A spokesman says French President Jacques Chirac, a leading opponent of the U.S-led war, told President George Bush Monday the elections were well organized and that he was satisfied by the turnout.
Elections officials in the southern city of Basra, and across Iraq, have begun the task of counting ballots. Sunday's winners will not be known for at least a week.
Iraq's Electoral Commission says up to eight million people--more than 60 percent of all eligible voters in Iraq--cast ballots. The organization in charge of expatriate voting says about 93 percent, or 265,000; registered Iraqis living abroad cast ballots.
In a televised speech, Iraqi Prime Minister Iyad Alawi said Sunday's large turnout means that, in his words, "Terrorists now know they cannot win."
Mr. Allawi called on all Iraqis to put aside their differences and help rebuild the country's new political system.
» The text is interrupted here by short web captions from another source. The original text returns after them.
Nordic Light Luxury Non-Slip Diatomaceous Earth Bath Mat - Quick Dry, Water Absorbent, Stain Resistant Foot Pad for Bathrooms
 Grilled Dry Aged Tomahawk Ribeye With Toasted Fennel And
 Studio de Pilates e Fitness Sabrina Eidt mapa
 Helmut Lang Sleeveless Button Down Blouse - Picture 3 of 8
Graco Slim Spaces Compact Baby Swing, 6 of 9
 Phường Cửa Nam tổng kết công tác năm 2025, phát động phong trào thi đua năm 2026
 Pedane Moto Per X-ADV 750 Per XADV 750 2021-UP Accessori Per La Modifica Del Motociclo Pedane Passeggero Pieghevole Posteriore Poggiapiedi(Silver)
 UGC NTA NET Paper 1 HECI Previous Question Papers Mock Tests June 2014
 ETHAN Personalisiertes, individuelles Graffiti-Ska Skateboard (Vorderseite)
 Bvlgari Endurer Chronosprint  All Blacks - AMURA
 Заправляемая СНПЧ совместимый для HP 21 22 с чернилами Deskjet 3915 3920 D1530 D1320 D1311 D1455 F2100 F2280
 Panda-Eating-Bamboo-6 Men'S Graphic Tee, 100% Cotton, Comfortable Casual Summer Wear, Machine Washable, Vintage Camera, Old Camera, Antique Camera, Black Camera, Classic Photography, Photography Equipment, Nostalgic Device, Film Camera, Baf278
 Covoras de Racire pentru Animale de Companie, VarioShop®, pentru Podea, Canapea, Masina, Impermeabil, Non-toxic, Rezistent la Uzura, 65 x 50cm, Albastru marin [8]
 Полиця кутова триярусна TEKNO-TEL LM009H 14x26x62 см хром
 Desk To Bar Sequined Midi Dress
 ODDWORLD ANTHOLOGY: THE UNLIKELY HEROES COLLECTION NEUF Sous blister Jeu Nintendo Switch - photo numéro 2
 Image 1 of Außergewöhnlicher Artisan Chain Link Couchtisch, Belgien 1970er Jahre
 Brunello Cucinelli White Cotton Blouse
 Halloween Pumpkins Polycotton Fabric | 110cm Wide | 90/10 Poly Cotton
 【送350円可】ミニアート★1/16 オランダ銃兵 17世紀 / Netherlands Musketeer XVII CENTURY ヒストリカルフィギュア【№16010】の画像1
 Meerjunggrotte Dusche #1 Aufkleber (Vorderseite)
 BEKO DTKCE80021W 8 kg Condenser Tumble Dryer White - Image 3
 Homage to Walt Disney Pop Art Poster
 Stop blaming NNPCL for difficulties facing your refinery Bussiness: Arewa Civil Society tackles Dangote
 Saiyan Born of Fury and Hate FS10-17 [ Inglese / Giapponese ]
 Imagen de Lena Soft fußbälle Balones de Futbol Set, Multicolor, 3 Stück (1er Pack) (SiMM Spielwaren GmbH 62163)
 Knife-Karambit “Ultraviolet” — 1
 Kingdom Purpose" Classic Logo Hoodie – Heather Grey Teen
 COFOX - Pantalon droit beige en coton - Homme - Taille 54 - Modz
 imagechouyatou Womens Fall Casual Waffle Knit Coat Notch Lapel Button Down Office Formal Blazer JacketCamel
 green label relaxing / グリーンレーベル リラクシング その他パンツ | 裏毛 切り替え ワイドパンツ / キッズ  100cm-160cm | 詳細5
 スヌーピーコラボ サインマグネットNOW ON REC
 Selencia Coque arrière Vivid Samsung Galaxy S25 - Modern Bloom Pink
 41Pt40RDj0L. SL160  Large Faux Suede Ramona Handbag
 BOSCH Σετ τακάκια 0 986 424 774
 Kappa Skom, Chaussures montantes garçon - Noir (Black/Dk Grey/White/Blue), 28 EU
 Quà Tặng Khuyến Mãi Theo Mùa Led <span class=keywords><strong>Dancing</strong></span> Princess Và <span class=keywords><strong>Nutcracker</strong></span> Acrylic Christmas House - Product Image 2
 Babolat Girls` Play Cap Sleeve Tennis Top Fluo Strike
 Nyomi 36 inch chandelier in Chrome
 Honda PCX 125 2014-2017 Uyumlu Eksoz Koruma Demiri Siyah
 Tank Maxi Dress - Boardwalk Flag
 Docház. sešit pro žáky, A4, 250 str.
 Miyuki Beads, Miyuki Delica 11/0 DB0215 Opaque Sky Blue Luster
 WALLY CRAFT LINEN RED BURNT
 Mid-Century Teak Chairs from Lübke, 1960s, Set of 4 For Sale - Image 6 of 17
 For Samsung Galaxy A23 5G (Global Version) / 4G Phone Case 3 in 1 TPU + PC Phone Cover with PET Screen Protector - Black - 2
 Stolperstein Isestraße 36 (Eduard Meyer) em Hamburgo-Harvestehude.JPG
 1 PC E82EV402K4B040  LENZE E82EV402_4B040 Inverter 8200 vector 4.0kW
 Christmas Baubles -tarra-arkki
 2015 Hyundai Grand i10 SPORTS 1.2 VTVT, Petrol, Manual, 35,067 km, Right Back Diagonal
European Union Foreign Policy Chief Javier Solana also praised what he called the courage of the Iraqi voters, in the face of the ongoing insurgency. He said Sunday's vote was a positive first step in Iraq's transition to democracy.
"From now on a lot of things have to be done, to write the constitution, to prepare the training of the armed forces and police, ect., and I think they are going to find the support of the European Union, no doubt, about that, in order to see this process move in the right direction," he said.
Meanwhile, Iraqi police in the southern city of Basra danced in the streets to celebrate Iraq's first elections. That celebration was short-lived, however, as Iraqi soldiers soon found themselves in a brief gun battle with insurgents.